The main thing that sustained the An Lushan rebellion at the beginning was continued court intrigue among the Tang that prevented Xuanzong from assembling any real army to respond to An Lushan’s revolt.  An Lushan approached Chang’an with limited resistance, and in the summer of 756, the city, which had a metro population of roughly 2 million, was sacked.  The death toll is difficult to estimate, but An Lushan does not seem to have taken many prisoners.  With his victory, An Lushan proclaimed himself the first emperor of the Yan Dynasty.

As Xuanzong fled, he seems to have gone through a sort of personal crisis, as he abdicated the throne and made his son the new Emperor Suzong.  Around the same time, the Yang family, from whom Yang Guifei hailed, joined the rebellion, which cast considerable doubt upon the motivations and loyalties of Yang Guifei herself, and while the imperial court evacuated Chang’an, the concubine was murdered by angry courtiers who blamed her for the rebellion.  The rebellion almost seemed complete at this point, but Tang Suzong responded by hiring thousands of Arab mercenaries and the Khagan of the Uighurs to hold off the Yan advance.  Compounded with the increasingly erratic behavior of An Lushan himself, the rebellion suddenly found itself facing serious problems.  The rise of famine in the North crippled their supply lines, and, fair or not, An Lushan was blamed.  The self-proclaimed emperor had been suffering from a number of ailments, including glaucoma, which left him effectively blind.  Ulcers caused him constant pain, and the emperor became prone to caning or even impulsively executing his servants.  Out of friends and out of resources, An Lushan was murdered by his son An Qingxu.  Qingxu was no more successful than his father, and in 757, the Yan were fought to a stalemate at the Battle of Siuyang – the first time the Tang had been able to meet the Yan in open combat since the fall of Chang’an over a year before.

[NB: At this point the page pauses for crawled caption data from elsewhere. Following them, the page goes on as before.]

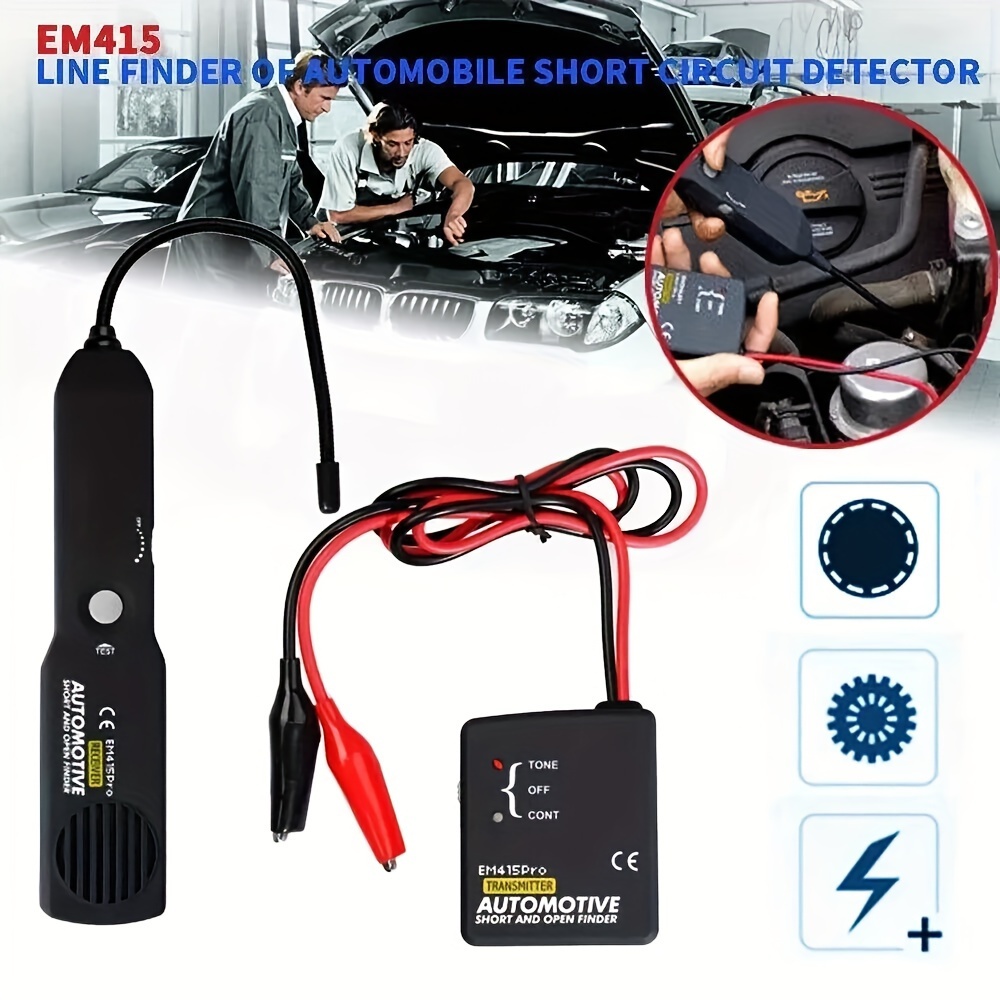 

Car Diagnostic Tool Tester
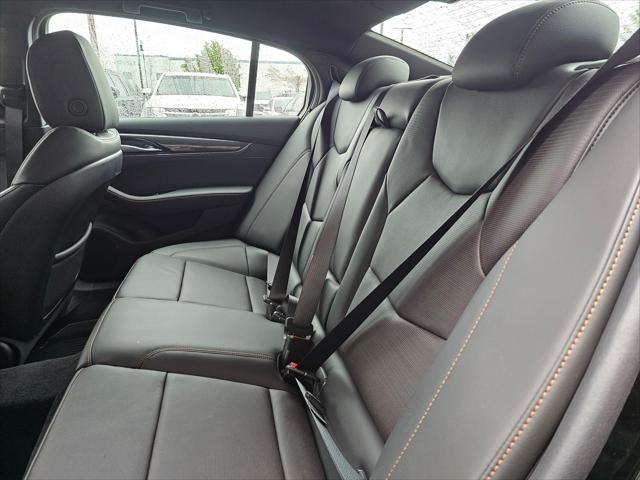 2026 Cadillac CT5 Sport RWD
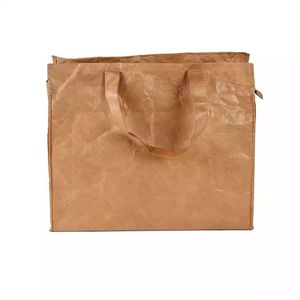 Sac tyvek lavable et personnalisé, sac en papier Dupont, sac <span class=keywords><strong>ote</strong></span> durable, style personnalisé - Product Image 6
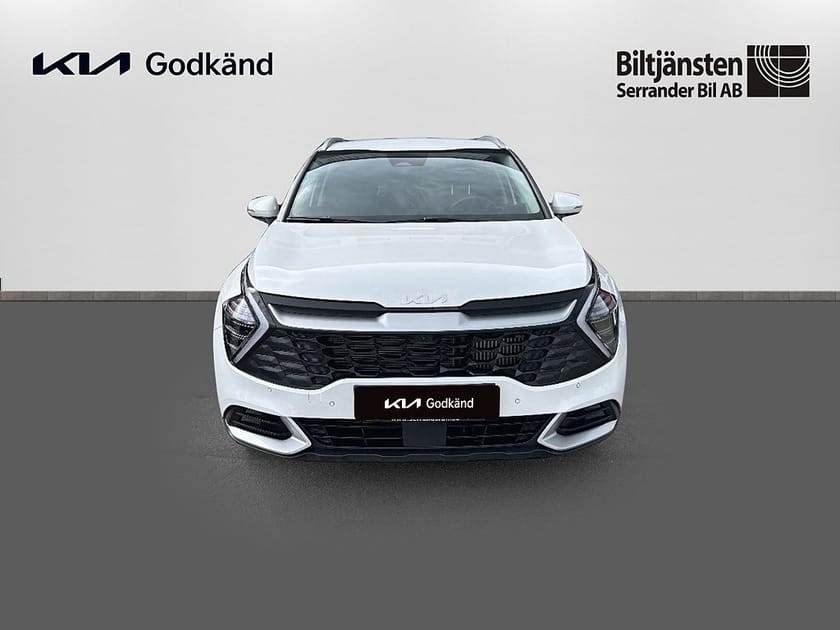 Bild 2 av Kia Sportage 1.6 T-GDI AWD DCT Advance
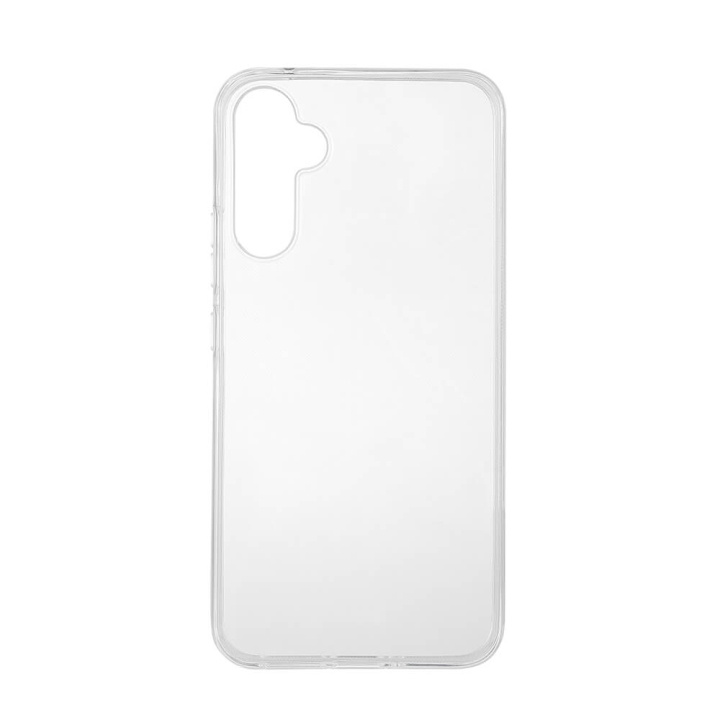 Onsala Phone Case Recycled TPU Transparent - Samsung A35 5G in the group SMARTPHONE & TABLETS / Phone cases / Samsung at TP E-commerce Nordic AB (C71161)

For the next couple of years, the only general who could make any headway for either side was the Yan’s Shi Shiming, but he and Qingxu seem to have had a difficult relationship in that when Qingxu tried to replace Shi Shiming after his advance slowed down at Fanyang, Shi turned around and killed the emperor.  There seems to have been a lot of uncertainty as to whose side Shi Shiming was on in the aftermath of Qingxu’s murder, but fairly soon, it became clear that Shi Shiming was on his own side.  He and his 100,000 soldiers rolled across the countryside virtually unopposed, but in 761, Shi Shiming was captured, ambushed, and then strangled when his captors feared they would be pursued, thus ending the An Lushan Rebellion.  Pockets of resistance would continue until the autumn of 763, but Suzong was eventually able to re-establish Tang control over most of the country.

Now, this is the story of the “Brilliant Emperor,” who was so brilliant, that he promoted an apparently incompetent military commander, who was fooling around with his favorite wife, whom he had stolen from his son.  The Tang dynasty would never truly recover from the An Lushan Rebellion, despite Suzong’s apparent competence, but perhaps the most lasting effect of the rebellion was that those Arab mercenaries I mentioned didn’t go home.  Instead they stayed in China, evidently settling among the Hui people in the Northwest, who are, to this day, predominantly Muslim.  Ever since, Islam has been a somewhat small, but still vocal, minority in China, and tension between the East and the Muslim minorities in the West has been a continued narrative over the centuries.  Like I said, the exact death toll of the war is impossible to determine, but the censuses at least tell us that at the end of the war, the Tang dynasty had less than a third of what they used to have to tax and recruit into the army, which alone would be enough to cripple any empire.

So, the lesson for today, don’t take your sons’ concubines.  That’s weird.  Don’t do it.